At #CatholicConvo, former president of US bishops' conference talks about origins of this mega-gathering of Catholic leaders.
More than 100 bishops are attending this weekend’s Convocation of Catholic Leaders in Orlando. One of them is Archbishop Joseph Kurtz of Louisville. As president of the U.S. Conference of Catholic Bishops from 2013 to 2016, Archbishop Kurtz had a hand in planning the convocation. In between meetings on a very busy Day 1 of the convocation, Archbishop Kurtz took a moment to speak with Aleteia.
Fr. Aquinas: When the bishops began to plan this convocation, what goals did they set for it?
Archbishop Kurtz: Since the beginning of our planning, the goals have somewhat evolved. The first goal was to explore how we believers, as evangelizers, ought to communicate the message of the gospel to the modern ear. How do we choose our language so that it is heard and understood and received?
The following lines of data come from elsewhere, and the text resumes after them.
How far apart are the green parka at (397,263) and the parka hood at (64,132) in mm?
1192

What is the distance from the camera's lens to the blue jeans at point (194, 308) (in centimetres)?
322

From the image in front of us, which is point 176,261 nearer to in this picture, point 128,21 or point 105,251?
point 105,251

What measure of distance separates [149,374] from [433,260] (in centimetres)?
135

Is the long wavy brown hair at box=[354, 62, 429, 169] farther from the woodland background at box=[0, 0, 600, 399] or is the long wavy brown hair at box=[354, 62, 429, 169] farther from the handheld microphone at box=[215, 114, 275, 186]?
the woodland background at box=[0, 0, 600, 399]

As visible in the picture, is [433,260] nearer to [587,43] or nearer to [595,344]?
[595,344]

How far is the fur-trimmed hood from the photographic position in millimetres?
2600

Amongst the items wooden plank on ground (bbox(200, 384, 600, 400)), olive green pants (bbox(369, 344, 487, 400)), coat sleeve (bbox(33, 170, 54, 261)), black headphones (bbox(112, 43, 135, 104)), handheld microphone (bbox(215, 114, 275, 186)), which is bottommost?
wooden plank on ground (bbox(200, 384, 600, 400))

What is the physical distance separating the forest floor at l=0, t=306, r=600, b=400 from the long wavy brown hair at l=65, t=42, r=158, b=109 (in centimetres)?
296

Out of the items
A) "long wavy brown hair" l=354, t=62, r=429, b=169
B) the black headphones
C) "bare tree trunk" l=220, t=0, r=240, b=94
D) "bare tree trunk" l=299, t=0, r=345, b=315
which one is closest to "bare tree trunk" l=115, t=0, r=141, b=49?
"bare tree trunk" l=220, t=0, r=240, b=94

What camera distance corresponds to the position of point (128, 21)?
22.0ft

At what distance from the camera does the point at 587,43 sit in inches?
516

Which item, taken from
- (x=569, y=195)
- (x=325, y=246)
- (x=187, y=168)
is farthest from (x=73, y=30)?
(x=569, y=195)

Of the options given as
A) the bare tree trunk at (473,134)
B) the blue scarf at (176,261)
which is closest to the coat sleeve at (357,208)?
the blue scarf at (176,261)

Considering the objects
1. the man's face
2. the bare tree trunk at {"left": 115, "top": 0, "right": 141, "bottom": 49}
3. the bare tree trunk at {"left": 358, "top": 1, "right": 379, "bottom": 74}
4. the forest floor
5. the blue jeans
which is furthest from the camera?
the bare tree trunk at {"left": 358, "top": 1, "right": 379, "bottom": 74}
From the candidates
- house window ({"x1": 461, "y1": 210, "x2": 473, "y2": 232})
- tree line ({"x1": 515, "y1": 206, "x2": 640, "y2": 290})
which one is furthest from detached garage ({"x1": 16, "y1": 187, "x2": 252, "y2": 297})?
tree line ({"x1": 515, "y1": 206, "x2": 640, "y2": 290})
Then, Pope Francis came along. With Evangelii Gaudium, we thought, “Wow! This is the perfect hand-in-glove—he’s the hand, we’re the glove—of talking about missionary disciples.” So, the goal shifted from exploring different means of communication to engaging and energizing missionary disciples. And our first target here is ourselves as parochial and diocesan leaders. We all bring different passions to our work; we all have different gifts and ministries. But we need to be united in discipleship and in preaching the gospel.
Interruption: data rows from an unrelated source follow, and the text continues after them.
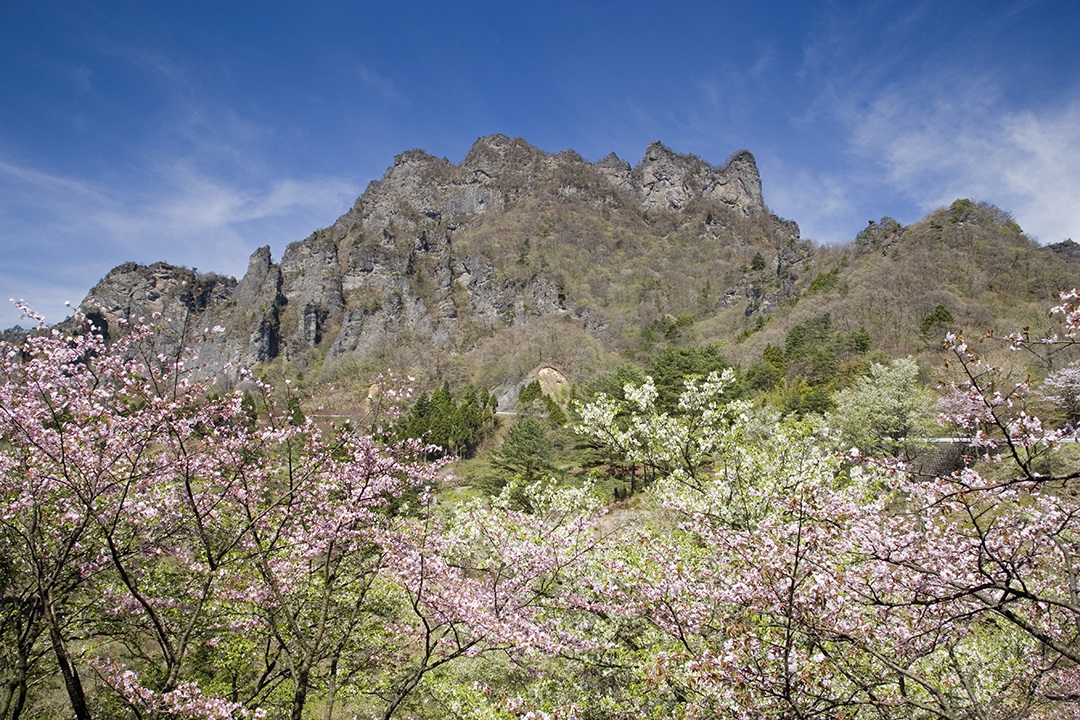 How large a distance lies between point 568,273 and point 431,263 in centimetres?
3627

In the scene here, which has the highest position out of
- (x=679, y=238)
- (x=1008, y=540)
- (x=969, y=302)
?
(x=679, y=238)

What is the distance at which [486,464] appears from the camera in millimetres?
35375

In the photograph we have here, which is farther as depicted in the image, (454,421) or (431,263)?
(431,263)

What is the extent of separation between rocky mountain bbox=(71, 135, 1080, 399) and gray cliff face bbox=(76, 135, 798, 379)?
0.54 m

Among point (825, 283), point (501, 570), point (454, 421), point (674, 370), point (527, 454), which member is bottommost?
point (501, 570)

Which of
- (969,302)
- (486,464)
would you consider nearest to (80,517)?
(486,464)

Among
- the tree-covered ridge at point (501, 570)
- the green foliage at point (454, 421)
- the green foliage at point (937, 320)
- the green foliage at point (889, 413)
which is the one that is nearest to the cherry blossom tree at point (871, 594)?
the tree-covered ridge at point (501, 570)

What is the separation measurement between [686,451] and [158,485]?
8.76 meters

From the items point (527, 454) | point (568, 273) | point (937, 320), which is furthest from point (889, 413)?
point (568, 273)

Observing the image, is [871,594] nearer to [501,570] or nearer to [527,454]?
[501,570]

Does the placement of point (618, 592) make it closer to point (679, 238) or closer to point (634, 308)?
point (634, 308)

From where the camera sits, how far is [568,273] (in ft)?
403

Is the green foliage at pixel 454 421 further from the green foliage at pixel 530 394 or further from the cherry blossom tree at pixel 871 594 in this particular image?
the cherry blossom tree at pixel 871 594

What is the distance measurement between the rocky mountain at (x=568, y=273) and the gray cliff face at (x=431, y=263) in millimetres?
536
This conference is meant, therefore, not only to inspire and encourage missionary disciples but also to unleash some creativity in this regard. Thus the essential work of the conference will unfold on the last day as the different diocesan groups come together to share and collect the ideas that they will take home with them.
Fr. Aquinas: To those who scratch their heads over the term “missionary disciple,” how would you explain it?
Archbishop Kurtz: The term came from the Aparecida Document published in 2007 by the Latin American Bishops Conference. This document came to worldwide prominence in 2013 after Pope Francis’ election; as Cardinal Bergoglio, Pope Francis played a large role in writing the document.
At Aparecida [Brazil], the bishops of Central and South America affirmed that, first of all, believers need to be disciples who day to day follow the Lord. As disciples, believers need to deepen their experience of the Lord Jesus. They need to deepen their understanding of the faith. They need to deepen their community with each other. And then, as disciples, they need to witness, which is the missionary part of the believer’s life. To be a missionary disciple, therefore, is to be a believer who puts these two things together—to experience Christ and to witness to Christ.
For examples of missionary discipleship, we need look no further than the apostles. They were enlivened by the resurrection of Jesus, and they witnessed to its power.
Fr. Aquinas: What are some of the challenges that you see impeding Christians today from living as missionary disciples?
Archbishop Kurtz: One of the challenges is, as Cardinal Weurl calls it, the “tsunami of secularism”—the notion that the question of faith is irrelevant to life, that one can get along in life without acknowledging God. We live in both the best and worst of times; people have so many opportunities, but they live in the illusion of being free to do whatever they want. But the fruit of living this way is not liberty but unhappiness. We see everywhere in people the thirst and restlessness that St. Augustine talked about. It is a challenge that so many do not slow down enough to become aware of this restlessness in them.
Another challenge is the opposition that many place between faith and science. For example, just this morning I was listening to a TED talk on the universe, and it was very interesting. However, anyone listening to this talk might conclude that all of reality is reducible to the laws of nature, or that the laws of nature possess the creative powers of God. Here, too, we see dismissed almost out of hand the notion that faith may be necessary to life.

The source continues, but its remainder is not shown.